Do the living need monuments?
March 8th, 2010
Eliezer Sneiderman
This is a difficult assignment. On one side I see the importance of monuments. Every six months I take a group of college students to Israel. Many of the experiences that we have are interactions with monuments. We go to Cesearea and see a huge Roman amphitheatre and hippodrome; monuments to a dead people. The lesson we draw from the visit is that the modest Jews still live here, while the Romans for all their advancements are gone.
However, we also see Jewish monuments. It seems every battle is commemorated with a monument. Some of these monuments are quite extraordinary. They are elaborate structures based on tremendous forethought and effort.
Here is a picture of the Helicopter memorial. There are 73 boulders here. Each boulder represents one of the soldiers that was lost. The field is planted with red flowers. There is a poem written into one of the stone's that ends, "We shall meet again like red flowers blossoming when the last shot is fired in these hills." The water is also a symbol of life. When the water gets to the memorial field it is trapped by plexiglass, just as the souls of the fallen are trapped. The formal elements of this memorial are partnered with informal elements as well. A path leads visitors from the stone memorial to a small forest, where are group of trees have been decorated by the friends of the fallen. Stones have been painted with the names of each of the soldiers. These stones hang in the trees, a vast network of chimes.
There are other monuments that we see. Herzl's tomb, brutal in its simplicity just four letters. There are the graves of Rabin and his wife, white and black complementary stone structures. One was the victim of a shocking assassination, the other died of natural causes. There is another Rabin memorial at the site of his assassination. Brass markers are stuck in the concrete, marking the standing place of the individuals involved. "How could the killer get that close?" Sometimes, memorial open up questions along with emotions.

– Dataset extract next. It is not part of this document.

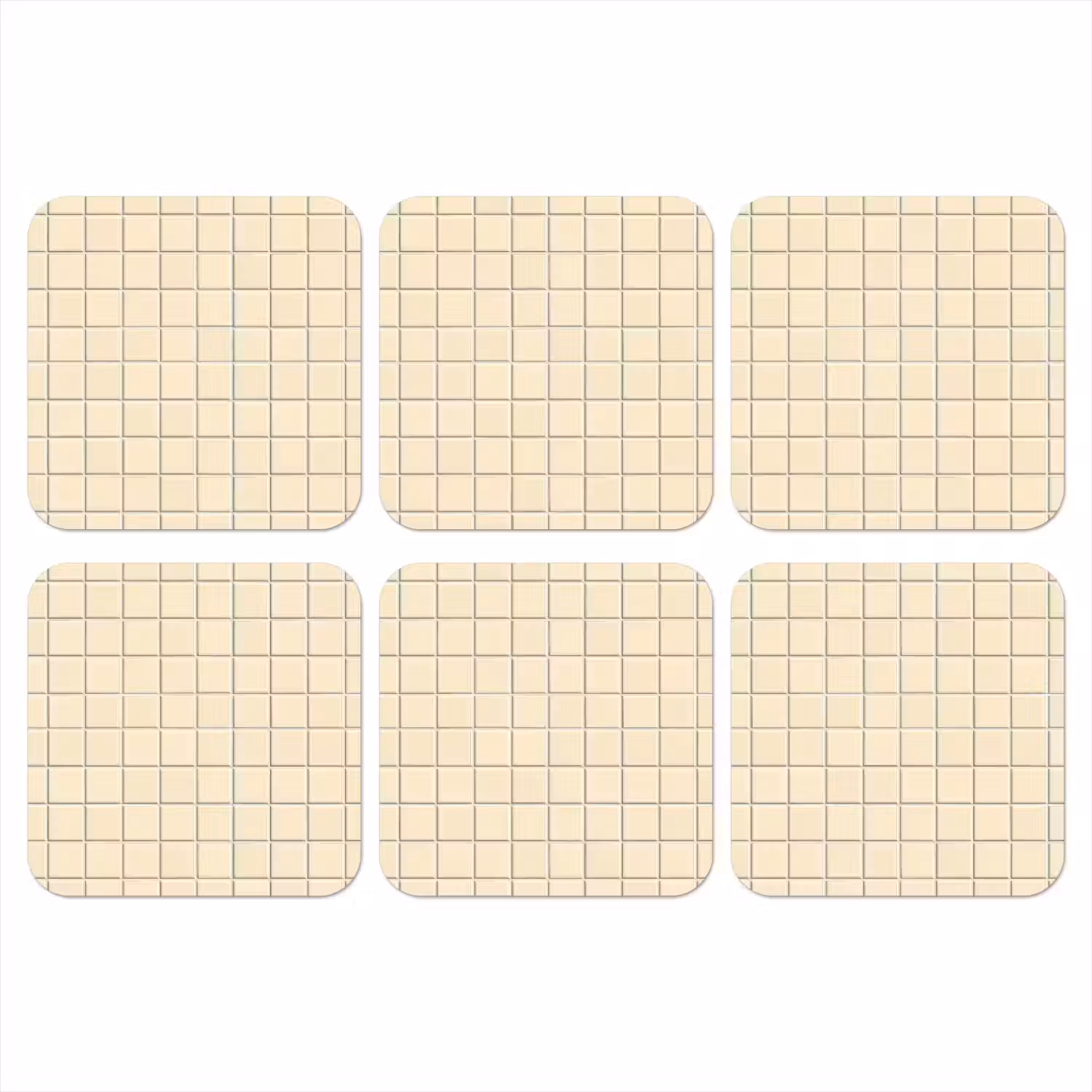 Patroon - Tegels - Gebroken - Wit onderzetter kurk middel 366 -3d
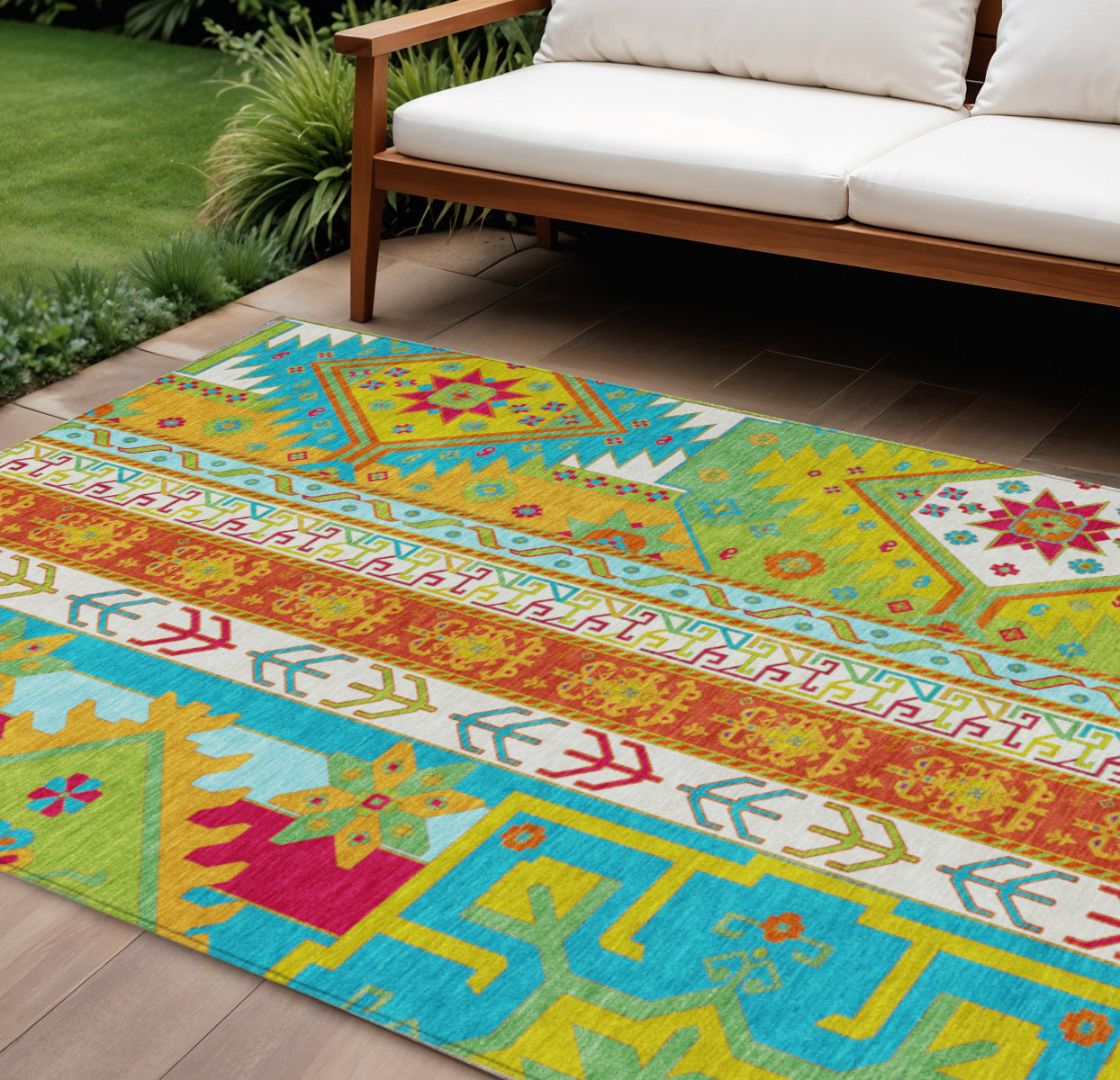 10 X 14 Teal Blue Green And Pink Aztec Washable Indoor Outdoor Area Rug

The strongest emotions come from Yad V'ashem and the Children's memorial. One candle is reflected off of a series of mirrors to fill an entire dark room with points of light. One gets the feeling that one is walking through space, a type of purgatory, punctuated only by points of light and recited names.
The question is whether a memorial for the Jews can work outside of Israel. In Israel, Jews are the majority. They have taken over all aspects of society. From the heights of the political elite to the lows of petty criminals. In this context a memorial, something marking death and loss or merely the passing of history, seems appropriate.
In the diaspora, monuments take on a macabre quality. Longfellow's poem "Jewish cemetery at Newport" is an example of Jewish monuments amongst the nations. Monuments devoid of a living culture become ancient albatrosses.
"But ah! what once has been shall be no more!
The groaning earth in travail and in pain
Brings forth its races, but does not restore,
And the dead nations never rise again."
A Jewish memorial amongst the nations evokes a sense of gentile triumphalism that strikes me as offensive. My memorial would confront this feeling head on and attempt to shock the community from its complacency. All around us, Jews are disappearing, suffering Sklare's Sociological Death, and the larger Jewish community is not focused on a solution. Jewish education does not have the central place that it deserves.
My memorial would consist of the front doors of synagogues that have closed in the last decade. The doors would be arranged in a circle in a large grassy area. One would open and close a series of doors that would lead one to no where. Beth Shalom, Beth Emeth, Anshe Shalom, etc... Perhaps a brass number, representing the maximum number of congregants that these synagogues had in their heyday. Hopefully, a memorial of this type, installed prematurely, before we reach the level of Newport, will shock the community into action.
Once there were Jews here. Today there is a monument.